Collected data:
○ ○ ○ ○

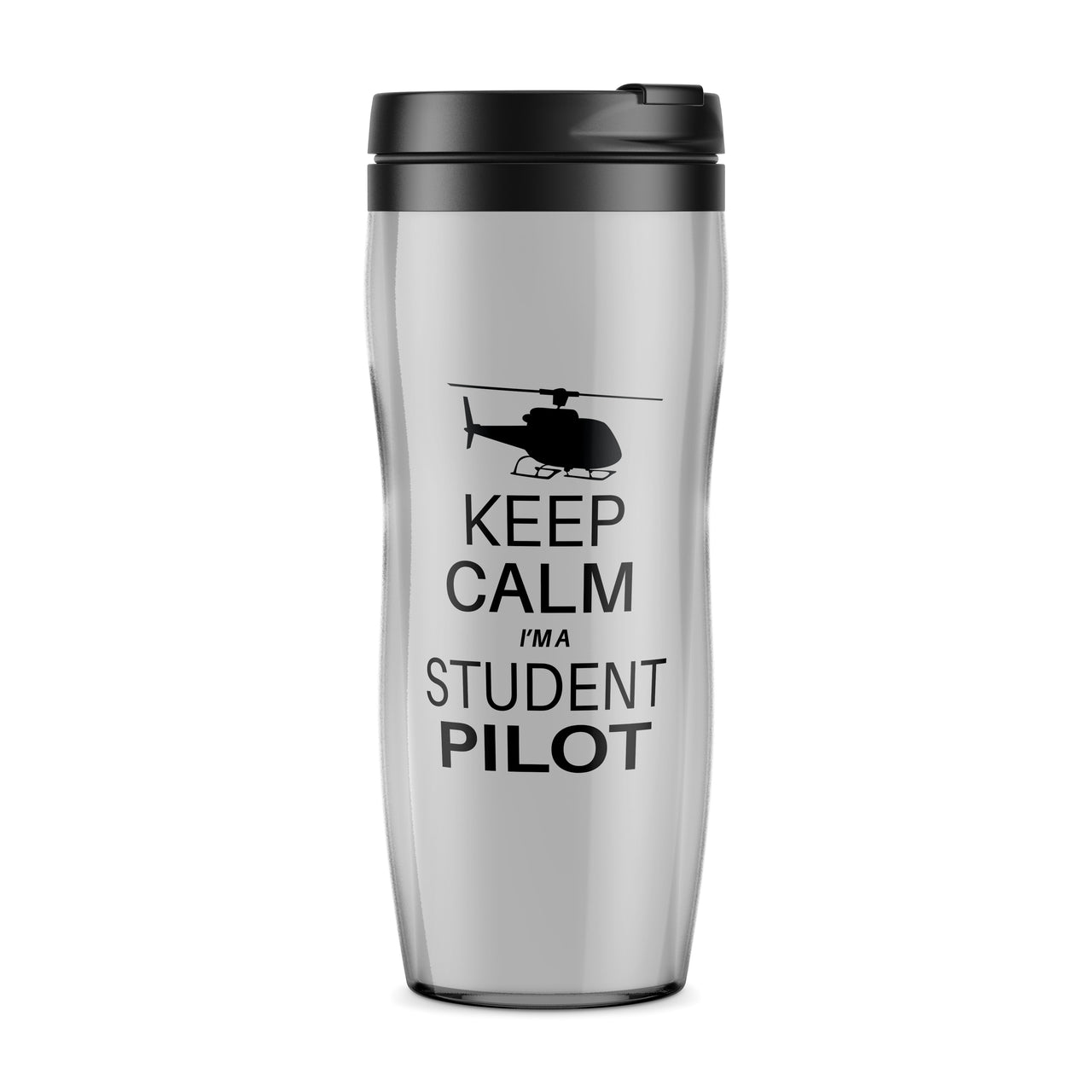 Student Pilot (Helicopter) Designed Travel Mugs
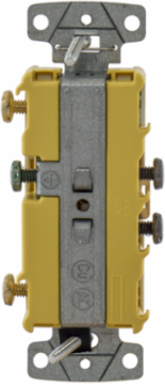 Toggle Switch & Tamper Resistant Receptacle, 15A 120VAC, Side Wired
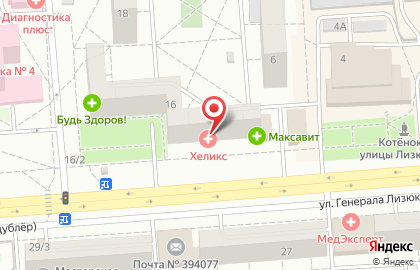 Центр зрения ОКО на улице Генерала Лизюкова на карте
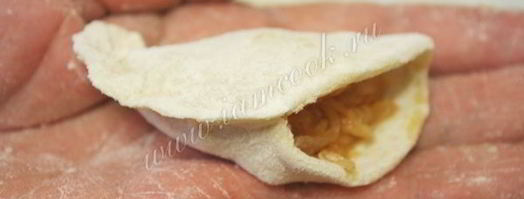 вареники с квашеной капустой на молоке. Шаг 10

○ ○ ○ ○

Problem description: Every line from the one with "Toggle Switch &" through the last line of the data must be copied exactly. Leave the pictures out.

Task result:
 Toggle Switch & Tamper Resistant Receptacle, 15A 120VAC, Side Wired
 Центр зрения ОКО на улице Генерала Лизюкова на карте
 вареники с квашеной капустой на молоке. Шаг 10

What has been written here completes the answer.